Şimdi kışın başında, sezonun ortasında hepsi işsiz.
Bu hiç yabana atılacak bir sorumluluk değil.
Tanıdığım kadarıyla Fırat Tanış da bunları düşünmeyecek kadar vicdansız biri değil.
Demek onun için de bıçak kemiğe dayanmış.
Şimdi yapımcı, Fırat Tanış’a “Beni büyük zarara uğrattı” diye yüklü bir tazminat davası açacak.
Fırat Tanış, kendi gerekçelerini öne sürerek karşı dava açacak...
Kazanan kim olacak bilmem ama kaybeden herkes oldu.
Son kurşun...
Nişantaşı City’s’in son kurşunu Mahalle açıldı.
Son kurşun diyorum, çünkü AVM’nin en üst katına bugüne kadar ne yaptılarsa tutmadı. Onlarca restoran, kafe geldi geçti binadan, bir türlü olmadı.
Üstelik çok iyi sinema salonlarına sahip olmasına rağmen.
Bir tek İzzet Çapa’nın Limonata’sı kalmıştı, sonunda tüm konsepti İzzet’e teslim ederek bir çözüm buldular.
İzzet de oraya bir mahalle kurdu.
Mantı, çiğ börek satan var, dondurmacı var, birahane var, Wagamama var, Kaşıbeyaz var...
İstinye Park’ta büyük başarı yakalayan Balık Ev var...
İrili ufaklı onlarca dükkan...
Biraz İstinye Park’ın pazar yerini andırıyor ama olsun...

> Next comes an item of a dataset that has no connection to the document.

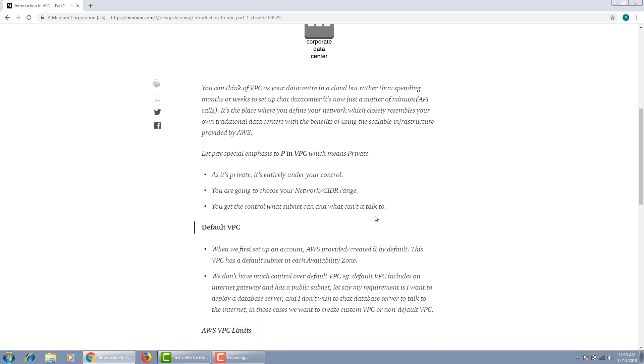Now let's talk about the VPC that comes with every account. Whenever you create your AWS account, there's a VPC created by AWS for you by default, and that is called a default VPC. This VPC has a default subnet in each availability zone. We do not have much control over that VPC.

Sıcak, sevimli, gidildiği zaman saatlerce vakit geçirilecek bir yer olmuş Mahalle.
Son kurşun bu sefer hedefi bulacak gibi gözüküyor.
Kulübe zenginliği!
Aykut Kocaman’ı eleştirmiştim, son UEFA maçına yedeklerle çıktığı için...
“Buna hakkın yok hoca” demiştim...
Ülke puanı var, galibiyete gelecek para var, prestij var.
Aykut Kocaman bunların hepsini gözardı etmişti.
Fatih Terim de Türkiye Kupası’na aynı şekilde yedeklerle çıktı ve Galatasaray elendi.
Bu yüzden Terim’e de aynı şeyi söylüyorum; buna hakkın yok Fatih Hoca.
Tamam, hafta sonu büyük derbi var, tamam takım Avrupa yorgunu...
Ama büyük takımlar da üç cephede birden savaşabilirse büyük takım oluyor.
Bunu en iyi Fatih Hoca bilir.
Yedeklerle çıkarak bir cepheyi gözden çıkardı Terim.
Fenerbahçe’nin Avrupa, Galatasaray’ın Türkiye Kupası mağlubiyetleri gösterdi ki; büyük takımların kulübe zenginliği lafı falan hikâyeymiş.
Sezar’ın hakkı
Posta’nın yayın yönetmeni Rıfat Ababay’a takıldım;
“Abi Pazar Kelebek’te bizim Sinem Vural’ın hazırladığı Sokak Modası köşesini aynen alıp Posta’ya yapmışsınız, gözümüzden kaçmadı...”
Güldü...
“Oğlum çok iyi gazete yapıyorsunuz. Pazar Kelebek de harika oldu.
Bizim kompleksimiz yoktur, iyi olan şeyleri alıp biz de yaparız” yanıtını verdi.
Hiç komplekssiz, hakkımızı teslim etti.
Bu arada ben de onların hakkını teslim etmeliyim. Posta magazin gazetesi olarak görülüyor ya lütfen takip edin; son dönemde hiçbir gazetenin atmadığı siyasi başlıkları, haber ve fotoğrafları manşetine taşıyor.